Penas trazem penas

Lavei a varanda dos restos deixados pelos pombos: excrementos, penas, farelo de milho, pó.
Antigamente tinha o hábito de trazer penas para casa, como se arrecadasse com elas o poder de voar. Observava curiosamente os seus filamentos, matéria. São peças perfeitas. Beijava-as, acariciava-as, e guardava-as em gavetas. Antigamente quer dizer sempre. A minha mãe sempre ralhou comigo por via das penas.

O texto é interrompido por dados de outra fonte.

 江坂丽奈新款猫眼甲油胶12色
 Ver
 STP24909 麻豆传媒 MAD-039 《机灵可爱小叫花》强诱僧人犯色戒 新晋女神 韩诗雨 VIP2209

Dizia ela, "deita isso fora: as penas trazem penas". A minha mãe teve a rara qualidade deconseguir motivo para ralhar comigo até aos 50. 
Eu não deitava fora as penas, até o dia em que, numa fúria de arrumação, ia tudo para o lixo, já sem amor. Onde se guardam as penas?
Limpava a varanda pensando nisto, porque agora penso na minha mãe com frequência. É uma ausência que se nota muito. Ocupava a minha vida; era quase sua dona. A sua necessidade de domínio era a fonte dos nossos conflitos. Por outro lado, algumas vezes teve razão. Algumas vezes os vestidos não me ficavam tão bem e eu estava mesmo mais gorda e despenteada. Mas está feito. Fomos o que tínhamos de ser.
Nunca tive ninhos de pássaros na minha casa. Este foi o primeiro ano. Portanto, retomando o discurso mágico da minha mãe, as penas trouxeram penas. Este ano têm sido repleto de penas das quais não me é dado descanso. Há penas que me surpreendem, outras que procuro, e outras, ainda, que adivinho. Tem sido um ano muito longo.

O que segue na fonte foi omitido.